Wolfram-alpha says otherwise :( and there are supposed to be 2 solutions. I only got one D:

Problem 2 attempt:

Okay, I tried using properties of logarithms here.

2log(x)-2log(x^2+1)+4log(x-1)

2log(x) - 8*log(x^3 - x^2 + x - 1) <------- Since the 2 logs are added, you can

multiply the insides of the logs together, right?

16*log(x/(x^3-x^2+x-1)) <------------ Since the 2 logs are subtracted, you can

divide them, right?

 

[Mentallic]

For 1) $$e^{log(x)^2}\neq e^2$$
and there's a simpler way to solve this problem anyway, if you let y=log(x) then substituting this into the equation $$log(x^3)=(log(x))^2$$ will give?

For 2)

Okay, I tried using properties of logarithms here.

2log(x)-2log(x^2+1)+4log(x-1)

2log(x) - 8*log(x^3 - x^2 + x - 1) <------- Since the 2 logs are added, you can

multiply the insides of the logs together, right?

Well this is like saying $$a.log(b)+c.log(d)=ac.log(bc)$$ this isn't right.
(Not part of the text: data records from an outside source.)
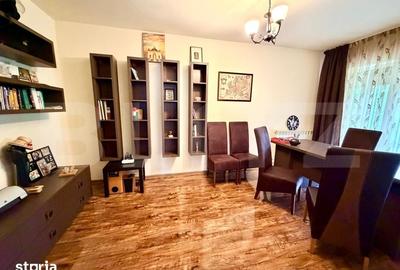 Casă cu 6 camere cu Teren 2026 Mp în Cetate - 1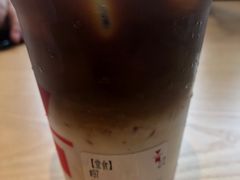 -代数学家algebraist(仙林金鹰店)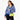 Kate Spade Carey Small Convertible Crossbody Lime Slushy
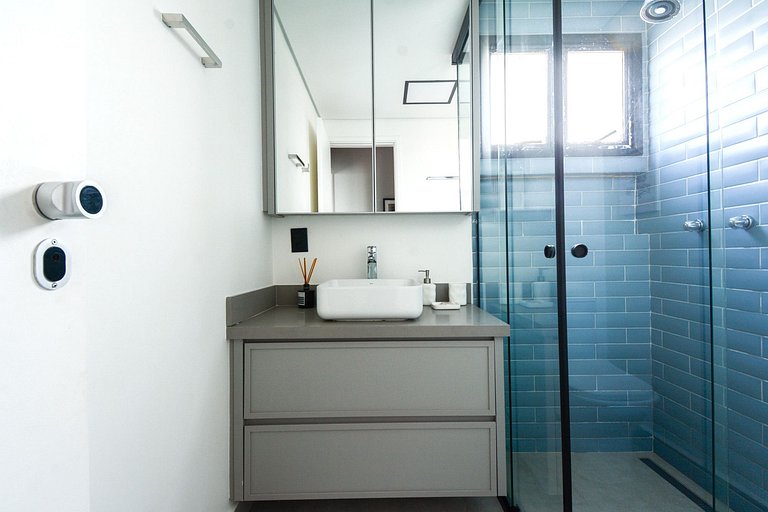 Saint Paul Apartments BnbHost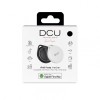 LOCALIZADOR ANTI-PERDIDA DCU 34154010 NEGRO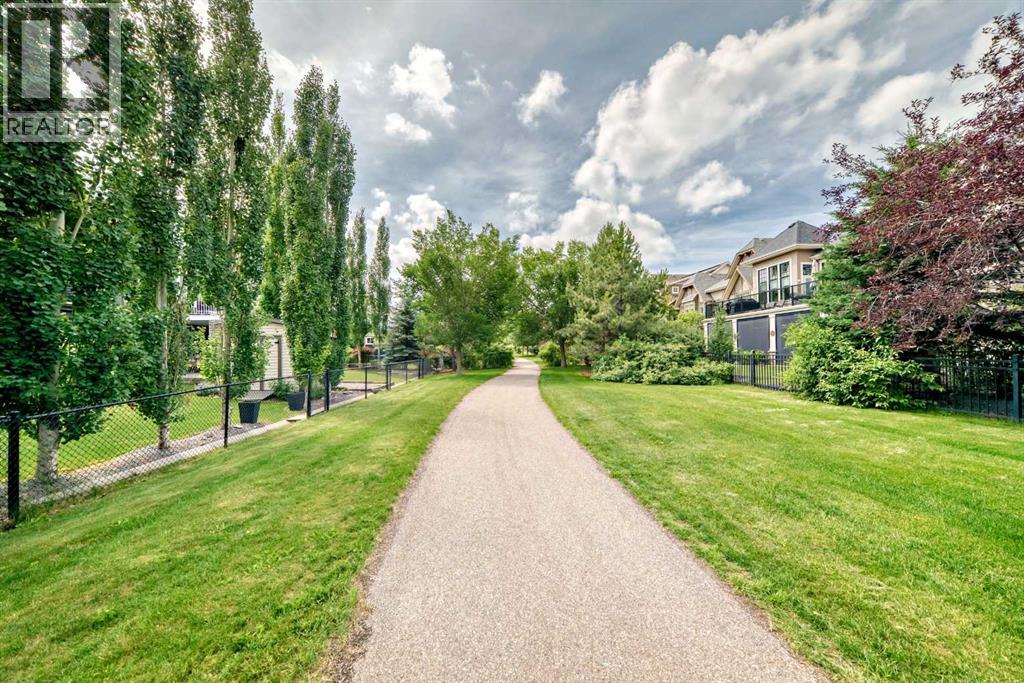 263 Coopers Hill Sw, Airdrie, Alberta  T4B 0R9 - Photo 47 - A2243169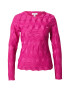 b.young Tricou fucsia - Pled.ro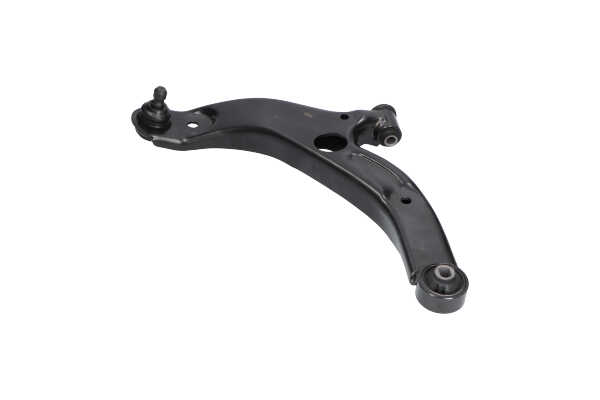 Bærearm B25D 34 350 D(-) KAVO PARTS SCA-4519 NISSAN, HONDA, MAZDA, MERCURY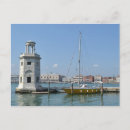Recherche de maggiore cartes postales Travel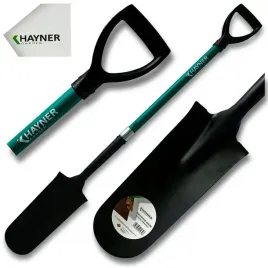 lopata-szpadel-drenarski-sadowniczy-125cm-dlugi-waski-solidny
If you have a.log(b) then this is equivalent to log(b^a).

16*log(x/(x^3-x^2+x-1)) <------------ Since the 2 logs are subtracted, you can

divide them, right?

Again, not right because you have made the same mistake as before.

 

[Elus]

For 1) $$e^{log(x)^2}\neq e^2$$
and there's a simpler way to solve this problem anyway, if you let y=log(x) then substituting this into the equation $$log(x^3)=(log(x))^2$$ will give?

For 2)

Well this is like saying $$a.log(b)+c.log(d)=ac.log(bc)$$ this isn't right. If you have a.log(b) then this is equivalent to log(b^a).



Again, not right because you have made the same mistake as before.

For problem 1:

log(x^3) = (log(x))^2
log(x^3) = y^2 <---Substitute y=log(x) on right side
3*log(x) = y^2 <----- You said log(b^a) = a.log(b), so that's what I applied.
3*y = y^2 <----- substitute y=log(x) on left side
3 = y <----divide both sides by y
3 = log(x) <-----substitute back log(x) for y
x = e^3 <---------raise both sides by e
x = 20.085536

Great, that's one answer, but it said that there is are two answers (A and B). Where do I get the other answer from?


For problem 2:

Okay, so I need to bring the 2, 2, and 4 into the log function?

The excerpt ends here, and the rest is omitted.